FAQs – How to dehydrate tofu
What types of tofu you can dehydrate?
The finest tofu for dehydration is firm or extra-firm. If you don’t have access to a freeze-dryer or dehydrator, you may buy freeze-dried tofu, also known as koyadofu in Japan, in Asian shops, or on Amazon. It is simple to rehydrate. The use of dried bean curd or tempeh is an additional choice.
Can you flavor tofu before dehydrating it?
You may dehydrate tofu plain or flavor it. Tofu readily takes on flavors. Tofu that has been frozen, thawed, and cut into slices can be cooked with bouillon, ramen broth (from a packet or handmade), or flavorful broth made with Mexican, Thai, Italian, or other spice blends. You can also use a soy sauce or teriyaki sauce marinade to give the tofu a savory taste.
- For 10 minutes, simmer the tofu in 1-2 cups of stock (enough to cover the tofu).

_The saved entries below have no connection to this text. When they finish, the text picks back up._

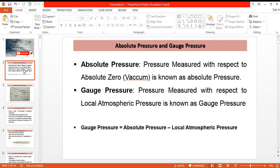On the other hand, gauge pressure is the pressure measured with respect to the local atmospheric pressure. So we can say the gauge pressure is the pressure in excess of the local atmospheric pressure. We can measure the gauge pressure as the difference between absolute pressure and local atmospheric pressure.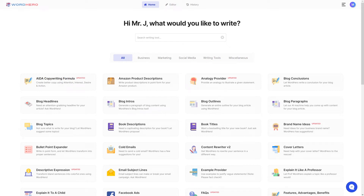Hello guys, Mr. J here from WordHero. Welcome back to our channel, and in today's video, I'm going to show you how to use our job description tool.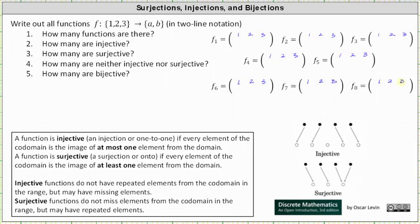Now to fill in all the possible outputs. For function one, let's let all the outputs be a, meaning one maps to a, two maps to a, and three maps to a. For function two, let's let all the outputs be b, meaning one maps to b, two maps to b, and three maps to b.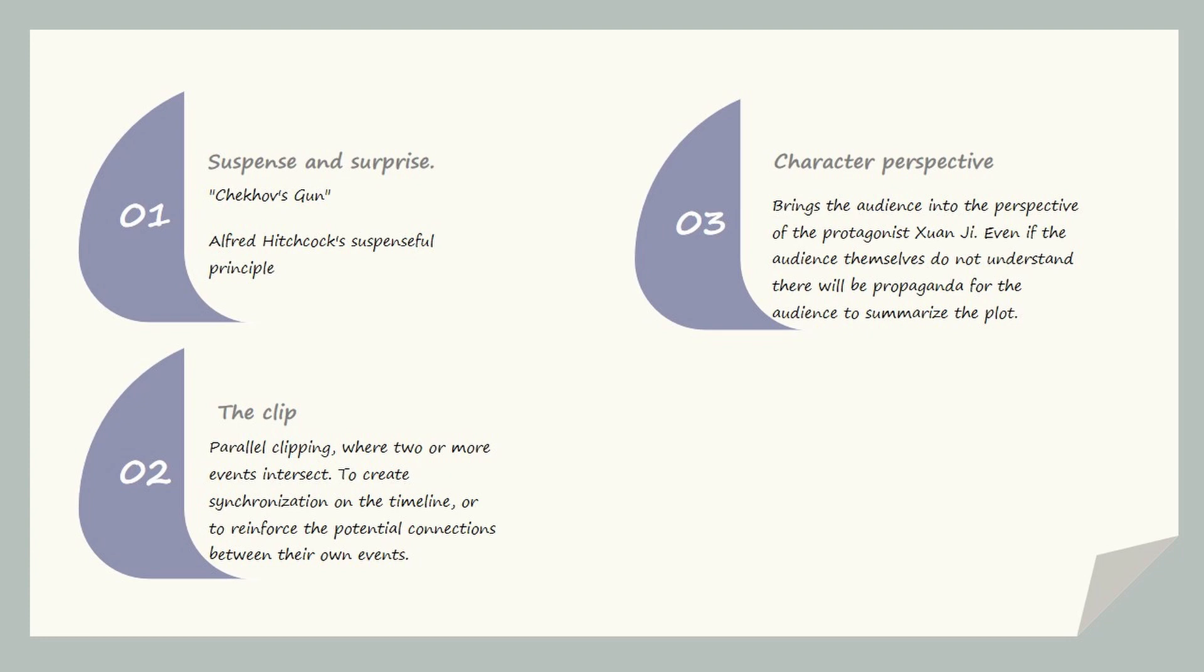The editing technique used extensively in the animation is parallel editing. There are two or more events intersect to create synchronization on the timeline or reinforce the potential connections between their own events.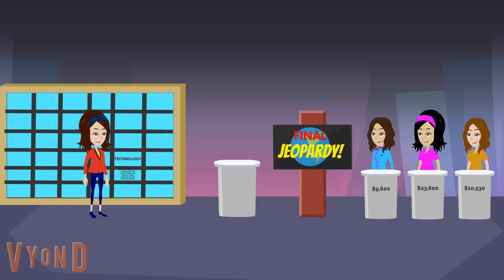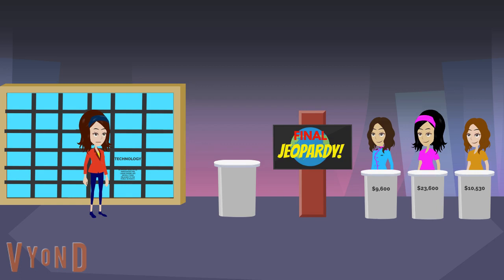Welcome back. Today's category for final: technology. Here's the clue. In January 2010, Apple announced this large iPhone-like device. It was released to the public in March. 30 seconds, good luck.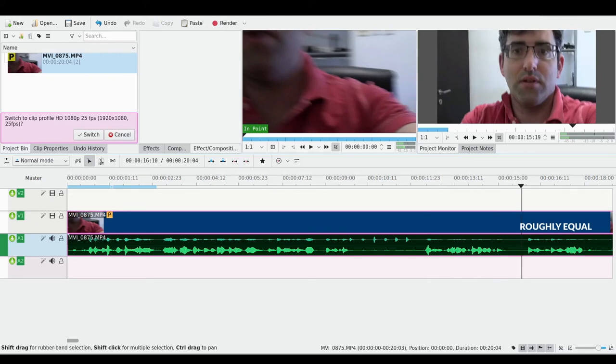Therefore you're seeing roughly equal levels between the top track, which is shotgun, and the lower track here, which represents the lavalier microphone.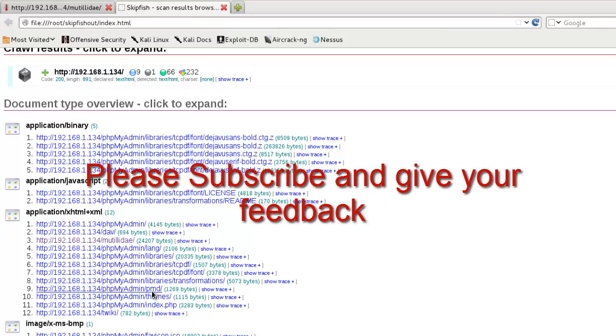Don't forget to subscribe and give me feedback. Thanks for watching this video. Thank you so much.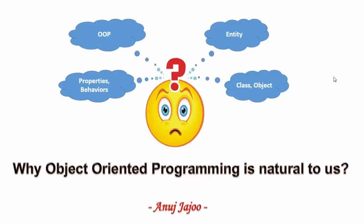If you want to know why object-oriented programming is natural to us, keep watching this video.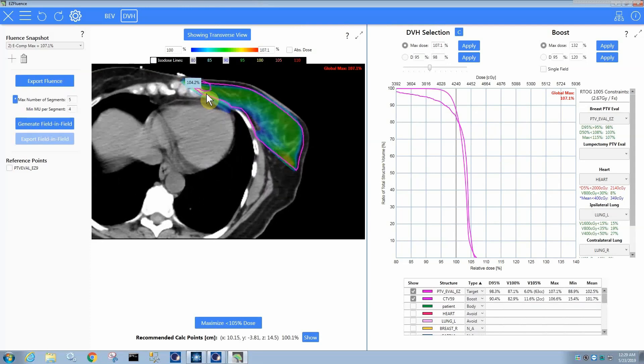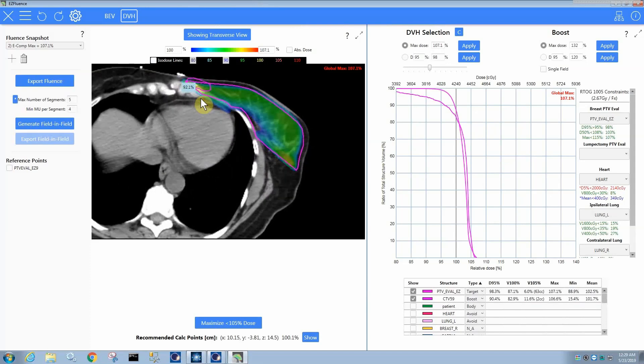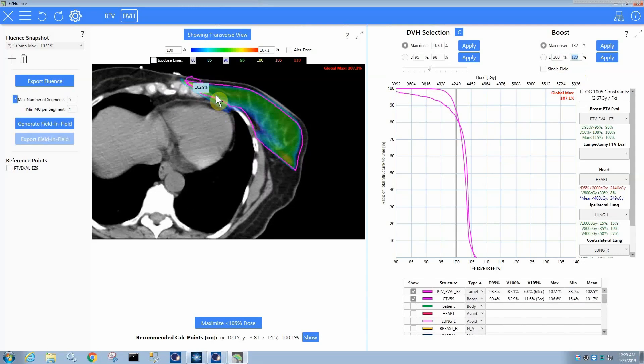So something to be careful of is that your structure is reasonable in terms of what you can cover. Obviously, it's okay to have a structure that you can't fully cover as long as you understand that if you were to type in full coverage here, D100% being like 100%, then you're going to blow up your plan.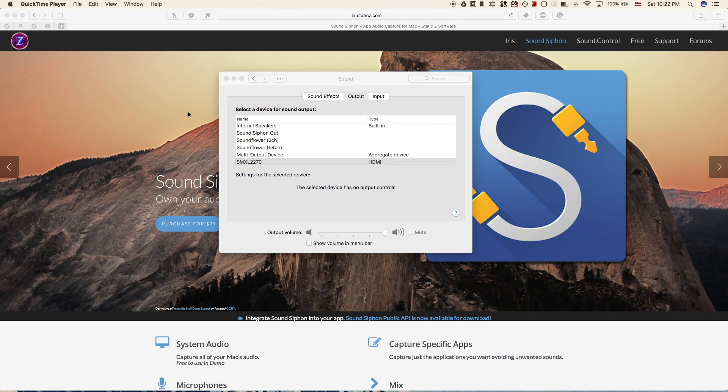Hi guys, in this video I'm going to teach you how to control an audio device that is connected via HDMI or Mini DisplayPort to your Mac in macOS Sierra.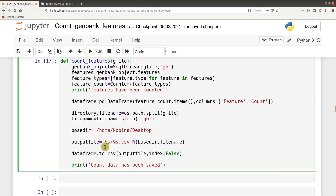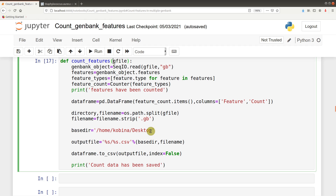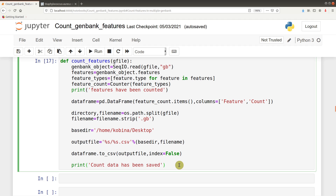Then the file is saved to a directory. We set this base directory — this is where all the files will be saved, on the desktop. Because we have different files, their respective names will be used to save them. Features are counted, placed in a DataFrame by pandas, and then saved to an output file. That is what this function is doing. Full explanation of this code is found in the previous video, and you can watch that as well. So now we run this function.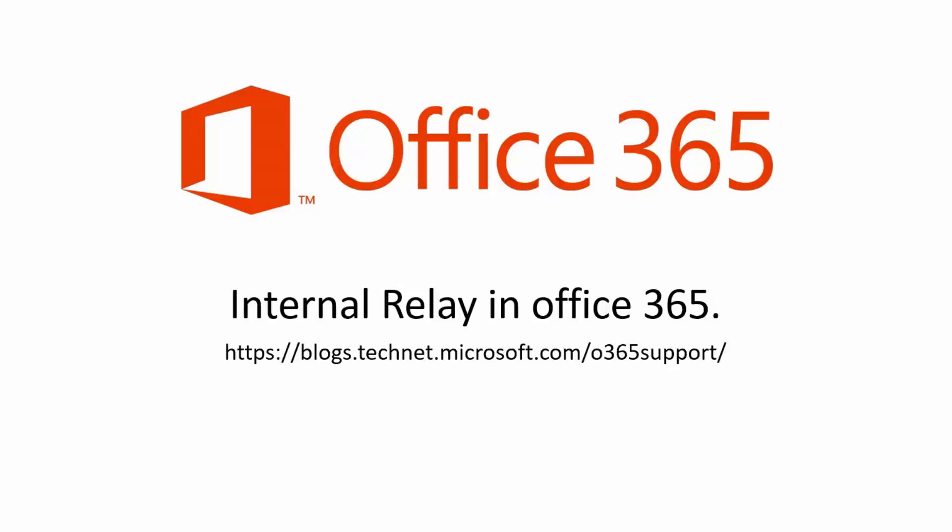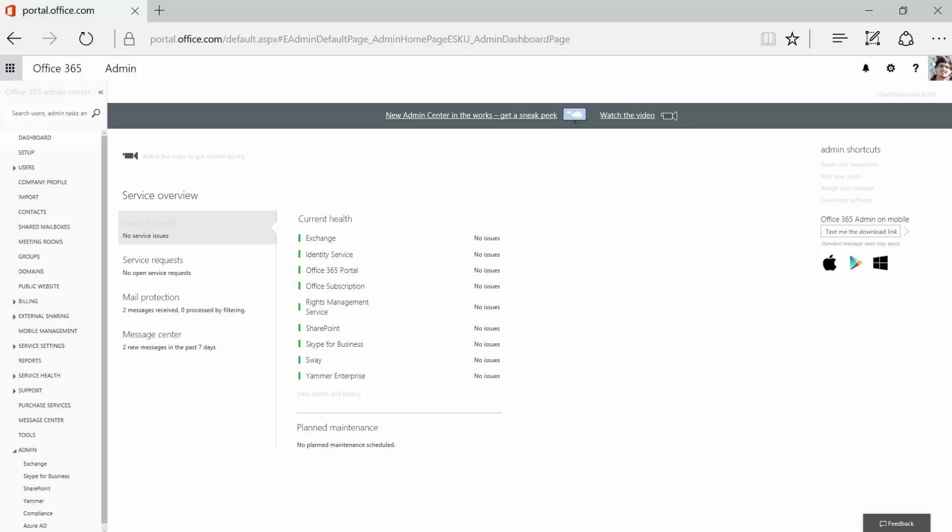Hi, today we're going to talk about internal relay in Office 365. An organization may have to share the same SMTP between two different mail servers.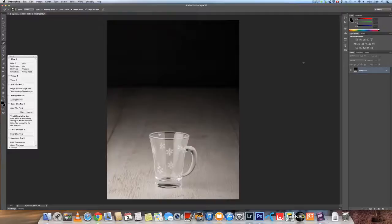Hi there, Buddy Enscord here. I promise you I'll show you how I add smoke and steam to images via smoke brushes and layers.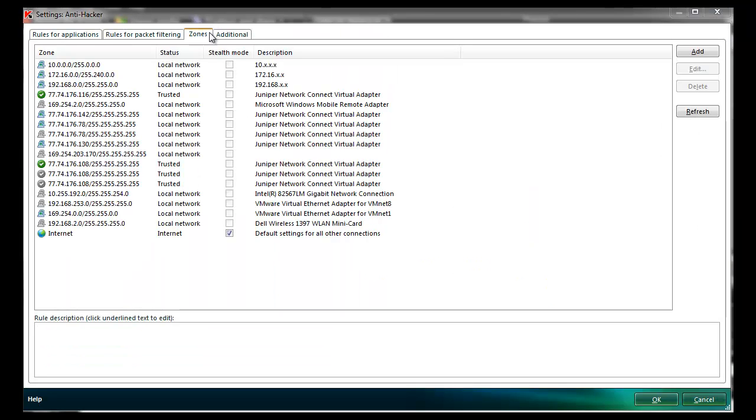Once we're satisfied, we click OK and a new rule to allow traffic on that port has been created. The third tab, Zones,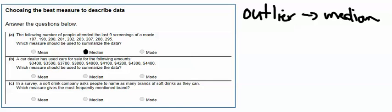Part B says a car dealer has used cars for sale for the following amounts, 3,400, 3,500, 3,700, 3,800, 4,000, 4,100, 4,200, 4,300, and 4,400. When you're looking at those numbers, they're increasing by 100 or 200 each time, but they fall right there all in kind of the same category.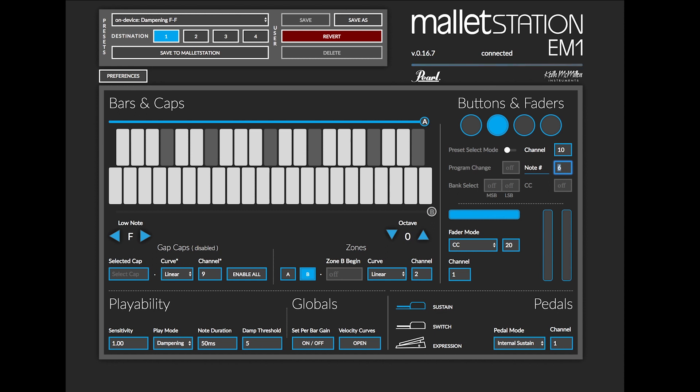In this instance, I'm actually going to turn this off and click on CC down here and then use the up arrow on my keyboard to change this. So at this point I will change this to CC number 23 and so now that second button will be sending CC 23 on MIDI channel 10.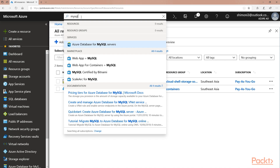The three main options are: Azure Database for MySQL Server, WebApp plus MySQL, and WebApp for Containers plus MySQL. I will go ahead and show the deployment process for each.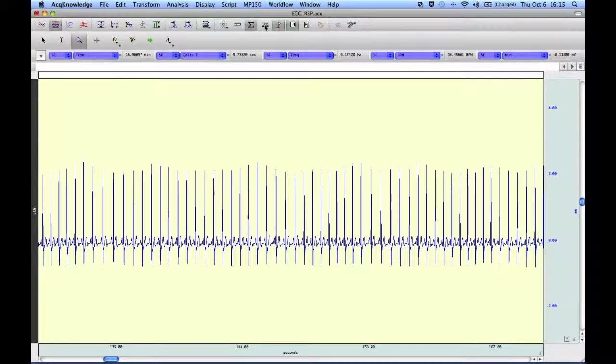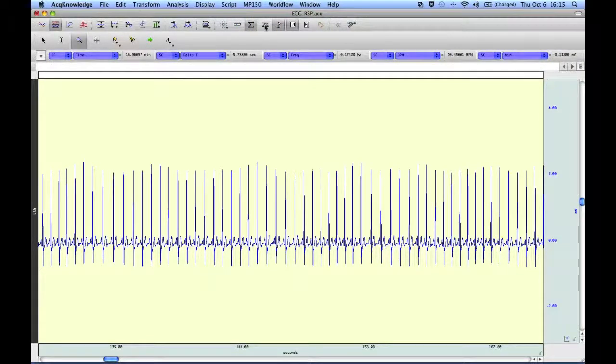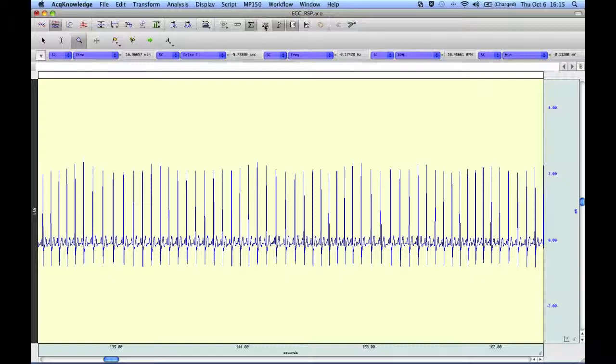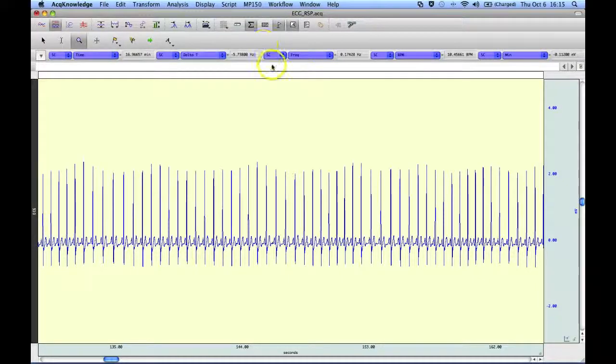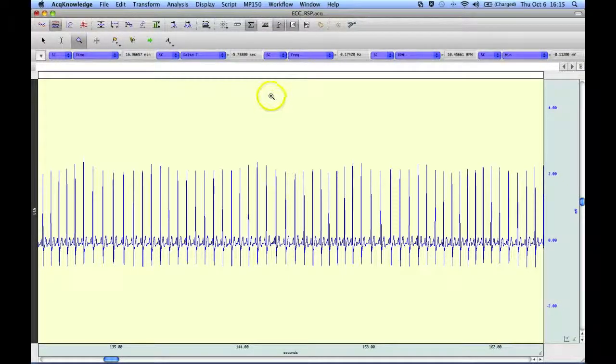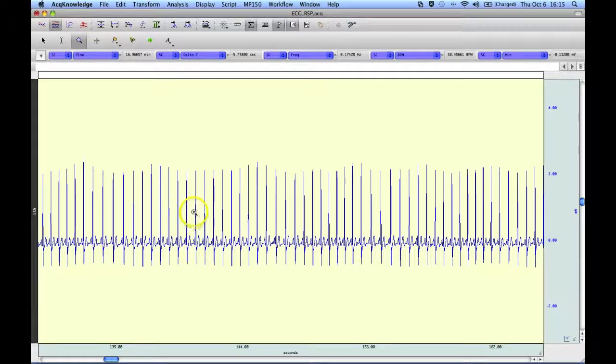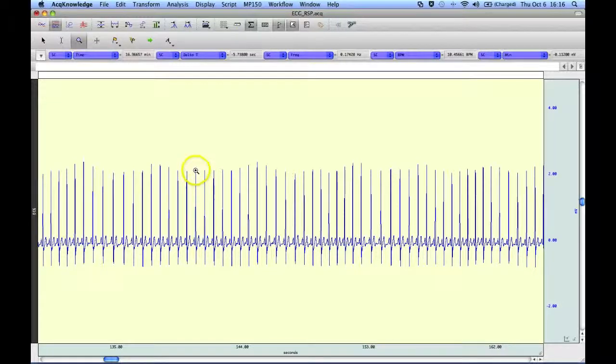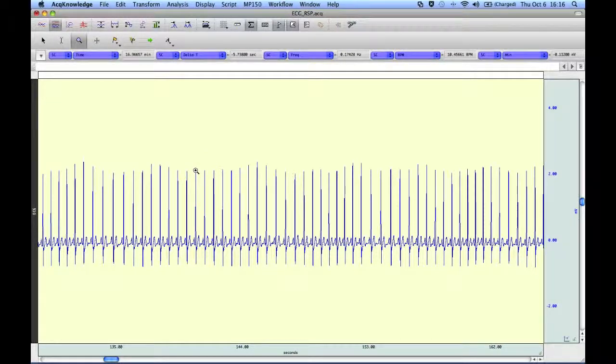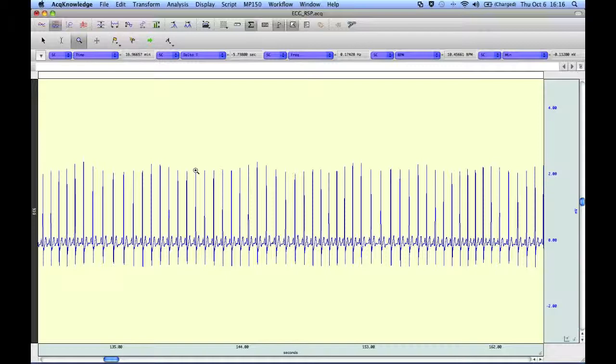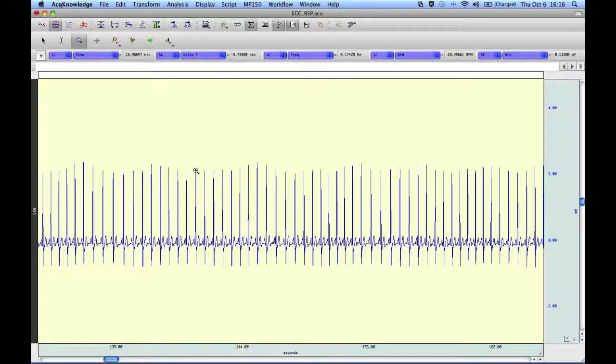The following screencast will provide a demonstration of Acknowledger's waterfall plot routine. The waterfall plot routine works off of either a peak in the data. In this case I'm going to be using an ECG file, so the system will use the peak of the R wave to center the plot, or it can use events in the data as the center point.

- For the tofu to absorb more flavorful water, leave it in the saucepan for an hour.
- Pour the broth out.
How long does dehydrated tofu last?
The limited shelf life of dried tofu is caused by its high-fat content. It can be kept for 1-2 weeks in an airtight container in a cool, dry, dark place, for 6 months in the fridge, or for 12 months in the freezer.
Freeze-dried tofu can be kept for 10–15 years in a vacuum-sealed container with an oxygen absorber.
Conclusion
Dehydrated tofu is a delicious and versatile ingredient that can add flavor and nutrition to many dishes. By following the simple steps to dehydrate tofu and rehydrate it, you can experiment with many different recipes and add variety to your meals. With its unique texture and flavor, dehydrated tofu is a great ingredient for vegans, vegetarians, and anyone looking for a healthier and more sustainable protein source.